Speed summary, calibration by Ian Schneider, supervised by Sophia St. John Newman. James C.C. Manning is on vacation. Sarah Jane Bristol is at an undisclosed location on Wikipedia headquarters on a secret mission–more secret than the president, even!
beats per trial=301
mean time=3 minutes, 24.88 seconds
average beat=682 milliseconds
mean speed=88.2 beats per minute
meanemotion according to meanspeed music theory=renewal
As a more important news issue of the day than even – yes – the speed of Kenny Rogers’ The Gambler – the ultra-diabolical Chinese regime that now has the worst elements of capitalism and dictatorship in one place, a country we as the West are laying down to die in front of, locks people up for – get this – advocating freedom of thought and freedom of expression. It is ONLY in this cowardly light of the United States – or is it practical–there are, uh, 4 billion of them and 40,000 Americans actually willing to fight? The rest of this post is NR-17, so children, read no further if you are sexually squeamish or believe that the Chinese regime are “friends” of freedom.

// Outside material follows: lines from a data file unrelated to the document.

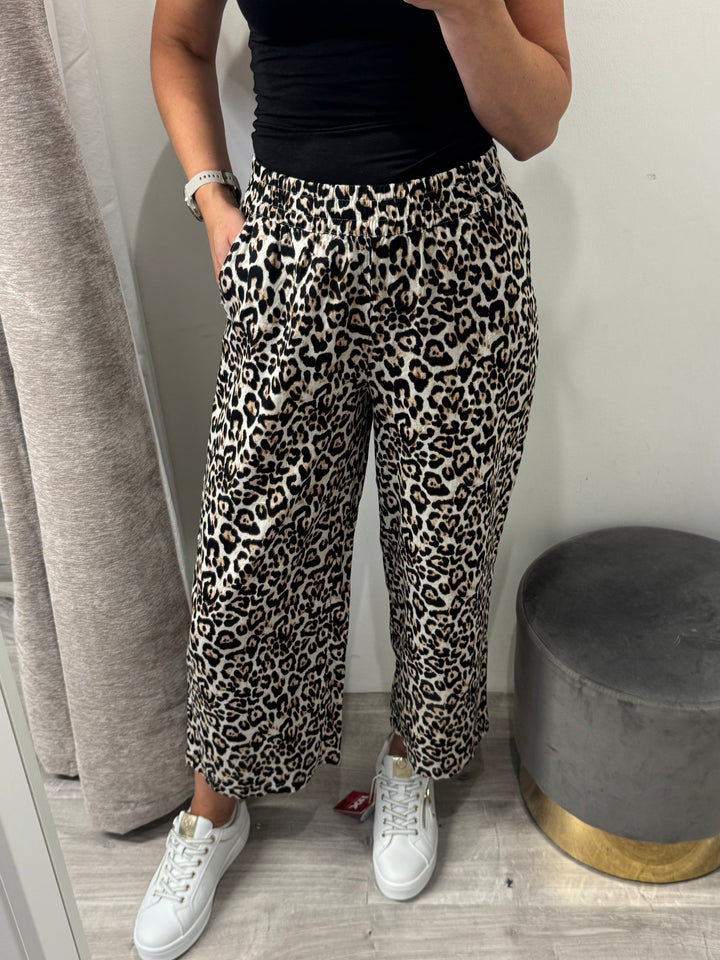 Falakka Cropped Pants - Leopard Print
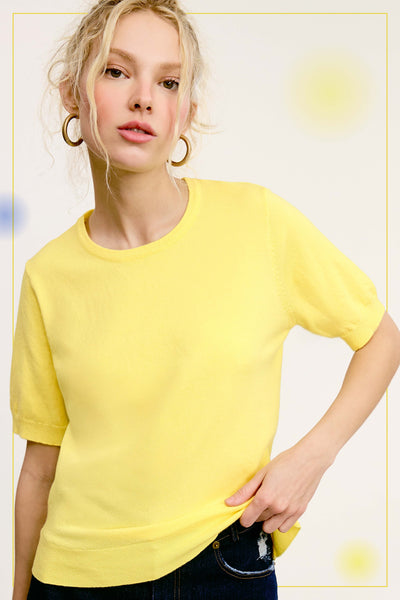 Puffy Sleeve Basic Stretchy Knit Top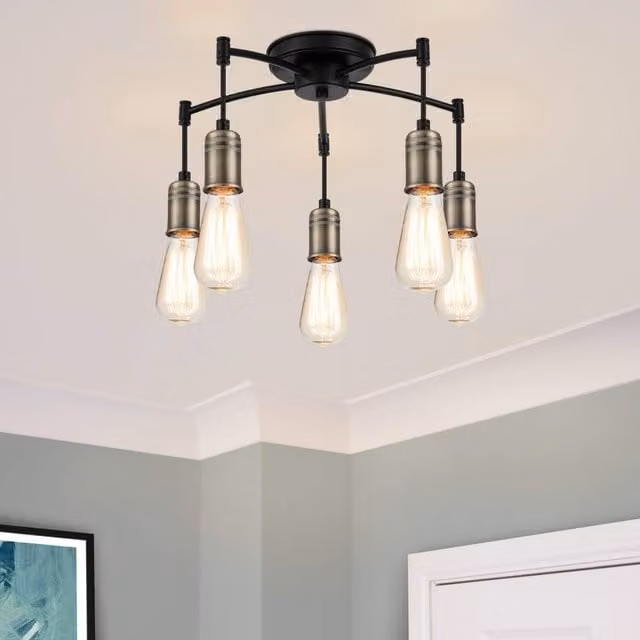 COSYLYTE Linton 5 Light Modern Industrial Ceiling Light in Antique Brass and Black Metal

The other day I was watching an episode of NBC‘s The Office where all the co-workers are traveling by bus to a company picnic. The socioeconomically and racially diverse work-group sings the Kenny Rogers’ signature song, “The Gambler.” Fun scene indeed, and the song stands the test of time.
Unlike modern drum machine songs, Kenny is recording hands free live in the studio, allowing for full use of speed changes that we simply do not see anymore. The song has a rhythmic time signature in a country 2-step, and begins at the cheery speed of enthusiasm, and spends most of its speed in the renewal range. This is pretty cool: when the gambler starts to whisper his special words of advice – which, in fact, turn out to be common knowledge and so, by karma, I think, the gambler dies in his sleep–after swallowing that of a Kenny Rogers’ (THE Kenny Rogers, not the rage attack prone baseball pitcher with a habit of beating up photographers and video crews) “last swallow” of whiskey while “bum[ming] a cigarette” and “asking for a light” – at which point in the song, if one was listening to the LYRICS instead of the MELODY, we’d know that the gambler was not passing on advice but hustling big time. After all, he passes on advice which is classic Restatement of the Obvious: “Every gambler knows, that the secret to surviving is knowing what cards to throw away and knowing what to keep.” Wow. I have never gambled in my life and I know this, and one of a Kenny Rogers, on a train where he, rocking stud he has always been since his 1960s hit “I Just Dropped In To See What Condition My Condition Was In,” an LSD tribute song used to perfection by Joel and Ethan Coen in a film masterpiece of snarky comedy: THE BIG LEBOWSKI, that he and the gambler are “too tired to sleep.” SO: One would kinda think that Kenny would have known the “Know when to hold em, know when to fold em” bit *already* – and as for the “it’s not the cards in your hand, it’s how you play them” message–well, save that for the “it’s not the size of the ship, it’s the motion in the ocean” set of trite yet face-saving lies we tell. Or as we men have been taught, once your woman goes down the “not the size of the ship” route, time to pack your bags before things get ugly – and even smaller, or so I’ve been told.